They say we average 300 days of sunshine here in Colorado. Sometimes in the middle of winter, when we are having an epic snowstorm and the snow is piling up outside our windows, it doesn’t feel like it. But for the last several weeks, I have no trouble believing that statistic.
Day after day, it’s nothing but blue skies and lots of sunshine, as well as record high temperatures. Nary a cloud graces the sky. In Boulder, runners and bikers abound along the open space trails. In Denver, a week ago, it the thermometer topped out at a roasty 80 degrees, more than 30 degrees above normal.
From mid-November to mid-January, we had it good. Snowstorms were coming in rapid fire through the open “storm door”, building up snow along the mountain crests, ski slopes and outside our house.

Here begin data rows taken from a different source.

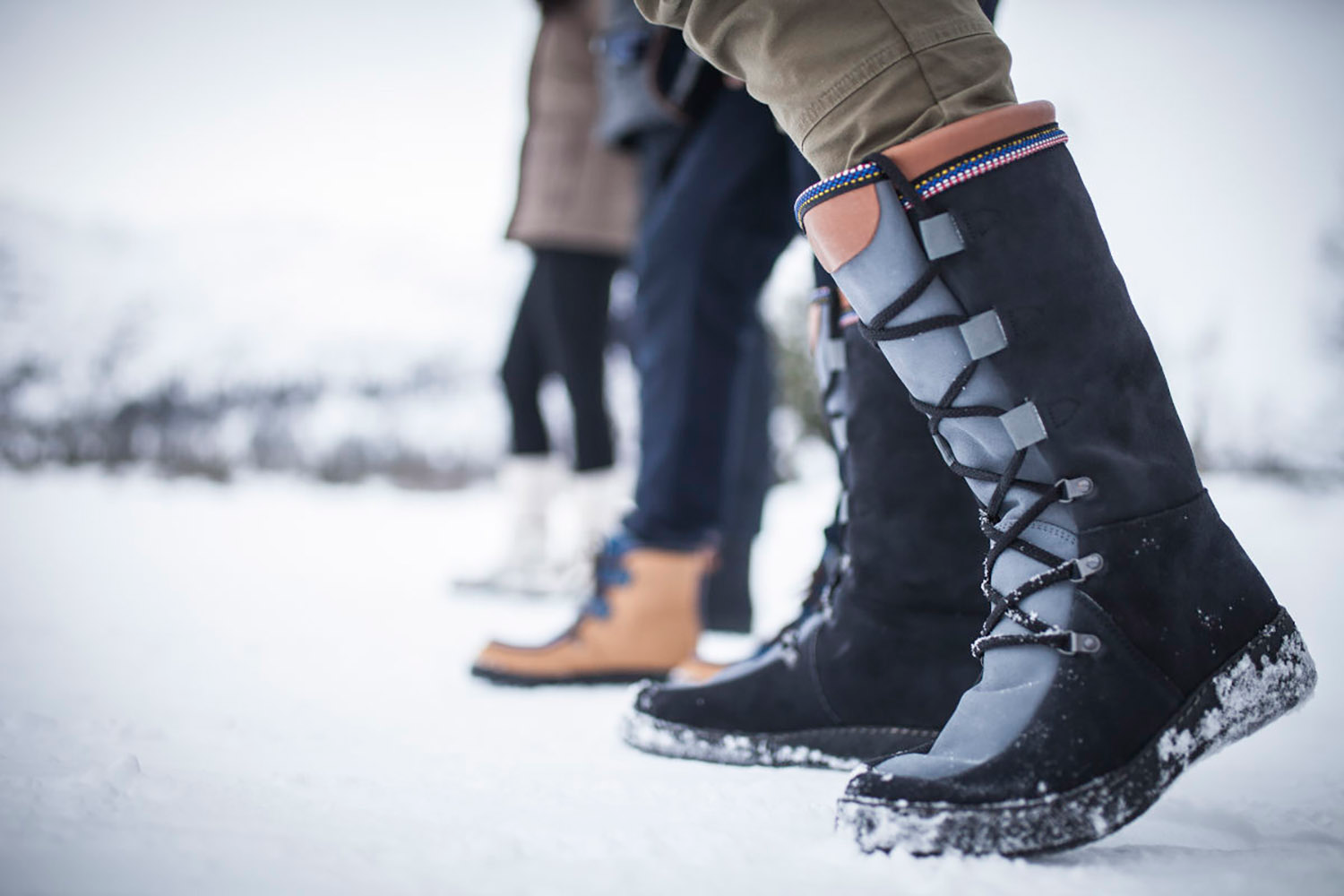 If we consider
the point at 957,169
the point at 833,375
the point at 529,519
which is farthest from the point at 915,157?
the point at 529,519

For a solid two months, we’ve had snow covering the ground, something my friend in Virginia lamented, but not me.
Instead of skiing weather, it feels more like golfing weather.

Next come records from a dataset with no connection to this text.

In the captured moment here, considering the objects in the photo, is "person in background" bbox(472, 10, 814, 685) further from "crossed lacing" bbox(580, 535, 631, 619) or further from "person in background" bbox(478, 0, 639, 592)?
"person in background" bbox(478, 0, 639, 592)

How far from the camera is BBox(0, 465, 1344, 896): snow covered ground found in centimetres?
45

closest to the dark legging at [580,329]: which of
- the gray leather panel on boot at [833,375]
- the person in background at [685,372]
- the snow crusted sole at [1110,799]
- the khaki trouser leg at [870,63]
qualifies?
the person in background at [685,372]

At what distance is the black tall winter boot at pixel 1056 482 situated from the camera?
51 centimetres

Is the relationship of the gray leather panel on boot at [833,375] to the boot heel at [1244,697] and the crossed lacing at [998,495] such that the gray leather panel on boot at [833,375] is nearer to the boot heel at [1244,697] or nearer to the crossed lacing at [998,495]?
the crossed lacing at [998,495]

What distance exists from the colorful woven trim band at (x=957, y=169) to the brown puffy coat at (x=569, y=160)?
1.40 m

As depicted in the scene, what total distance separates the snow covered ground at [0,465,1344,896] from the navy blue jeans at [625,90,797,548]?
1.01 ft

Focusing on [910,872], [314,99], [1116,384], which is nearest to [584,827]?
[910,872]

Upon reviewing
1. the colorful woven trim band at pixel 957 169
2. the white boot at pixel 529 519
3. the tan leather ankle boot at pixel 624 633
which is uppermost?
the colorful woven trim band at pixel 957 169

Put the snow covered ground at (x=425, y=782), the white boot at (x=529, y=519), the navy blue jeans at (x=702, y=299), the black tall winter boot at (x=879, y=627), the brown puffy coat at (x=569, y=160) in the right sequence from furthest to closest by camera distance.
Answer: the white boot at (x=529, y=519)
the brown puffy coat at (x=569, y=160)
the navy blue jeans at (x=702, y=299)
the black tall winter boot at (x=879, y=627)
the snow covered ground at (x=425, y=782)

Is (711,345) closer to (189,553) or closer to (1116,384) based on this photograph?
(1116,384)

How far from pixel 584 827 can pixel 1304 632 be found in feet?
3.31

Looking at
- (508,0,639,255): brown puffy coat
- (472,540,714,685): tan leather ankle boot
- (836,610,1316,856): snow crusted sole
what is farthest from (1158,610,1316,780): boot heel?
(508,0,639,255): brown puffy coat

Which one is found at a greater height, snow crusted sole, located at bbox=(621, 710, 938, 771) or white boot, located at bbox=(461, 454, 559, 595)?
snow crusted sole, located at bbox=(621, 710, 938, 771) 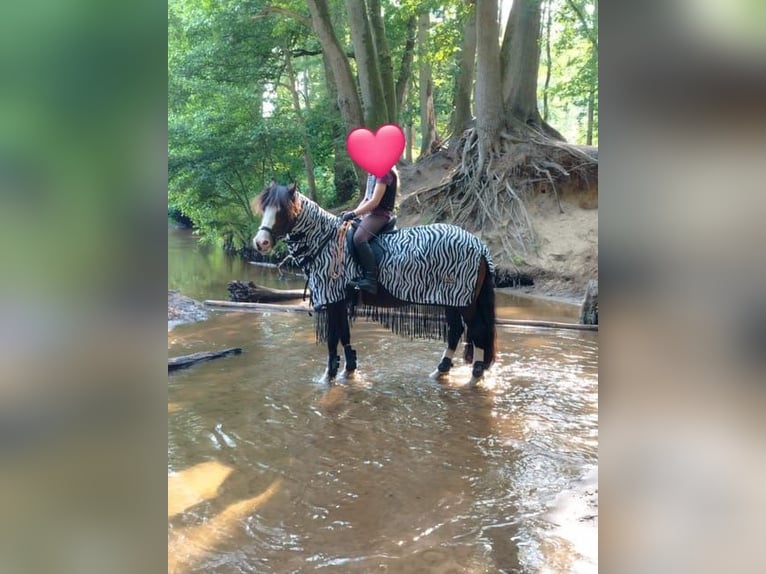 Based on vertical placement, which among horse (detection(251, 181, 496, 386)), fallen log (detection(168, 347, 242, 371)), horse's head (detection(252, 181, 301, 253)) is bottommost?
fallen log (detection(168, 347, 242, 371))

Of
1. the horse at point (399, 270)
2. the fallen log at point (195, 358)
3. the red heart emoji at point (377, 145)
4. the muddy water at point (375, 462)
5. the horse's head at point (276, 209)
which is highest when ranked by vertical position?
the red heart emoji at point (377, 145)

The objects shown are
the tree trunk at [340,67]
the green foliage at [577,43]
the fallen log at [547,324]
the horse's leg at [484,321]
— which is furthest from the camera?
the green foliage at [577,43]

While many of my friends back east would embrace this run of dry, sunny weather, I can’t help but feel uneasy inside.
Uneasy over the snow that is rapidly melting off the ski slopes where I work as a ski instructor. Most days, the snow resembles more of a slush akin to the consistency of a snow cone, rather than the famous Coloraado “pow” that brings tourists from far and wide. Patches of dirt and nubbins of trees are starting to poke through the ribbons of white.
But mostly uneasy over what this means three months or even two months from now. After suffering through a devastating wildfire last summer in our neighborhood, the threat of fire is never far from my mind, even in the middle of winter. It’s hard not to project or get anxious about the lack of snow.

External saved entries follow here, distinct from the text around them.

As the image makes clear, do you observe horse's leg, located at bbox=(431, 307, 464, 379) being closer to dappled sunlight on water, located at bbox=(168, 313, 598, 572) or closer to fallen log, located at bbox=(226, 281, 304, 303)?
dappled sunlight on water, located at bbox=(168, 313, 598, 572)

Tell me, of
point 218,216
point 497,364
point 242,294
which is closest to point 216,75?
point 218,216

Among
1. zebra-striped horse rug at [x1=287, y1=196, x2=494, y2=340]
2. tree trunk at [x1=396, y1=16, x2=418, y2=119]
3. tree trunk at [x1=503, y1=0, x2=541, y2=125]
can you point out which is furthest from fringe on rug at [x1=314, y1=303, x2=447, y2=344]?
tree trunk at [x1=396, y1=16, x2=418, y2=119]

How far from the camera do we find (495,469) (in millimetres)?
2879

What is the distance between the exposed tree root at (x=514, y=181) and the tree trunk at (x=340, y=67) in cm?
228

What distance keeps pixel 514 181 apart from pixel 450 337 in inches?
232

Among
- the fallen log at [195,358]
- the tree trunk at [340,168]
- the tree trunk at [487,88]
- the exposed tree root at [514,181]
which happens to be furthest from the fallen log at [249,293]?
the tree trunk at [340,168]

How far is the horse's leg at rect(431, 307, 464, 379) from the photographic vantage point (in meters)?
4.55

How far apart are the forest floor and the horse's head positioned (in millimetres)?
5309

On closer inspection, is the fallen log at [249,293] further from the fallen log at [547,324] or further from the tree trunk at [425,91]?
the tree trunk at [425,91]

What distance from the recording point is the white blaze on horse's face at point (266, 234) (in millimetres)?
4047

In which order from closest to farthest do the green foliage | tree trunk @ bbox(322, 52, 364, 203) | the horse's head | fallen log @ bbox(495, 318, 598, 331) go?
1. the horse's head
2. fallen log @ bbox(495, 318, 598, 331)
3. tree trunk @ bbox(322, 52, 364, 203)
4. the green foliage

I can’t help reflect on 2012, one of the worst wildfire seasons in Colorado’s history. That was the year that it stopped snowing by the end of February. By March, thing were already drying out and a wildfire in Conifer claimed three people’s lives. By the end of June, it felt like the entire state was engulfed in wildfires, with each concurrent one surpassing the previous in terms of property destruction.
Still, our snowiest months are usually March and April, so there is still time to rebuild that snowpack, saturate those soils, and ward off the threat of wildfire.
May the weather Gods hear my snow dances and prayers, and reward us with cold and snowy weather in the weeks ahead.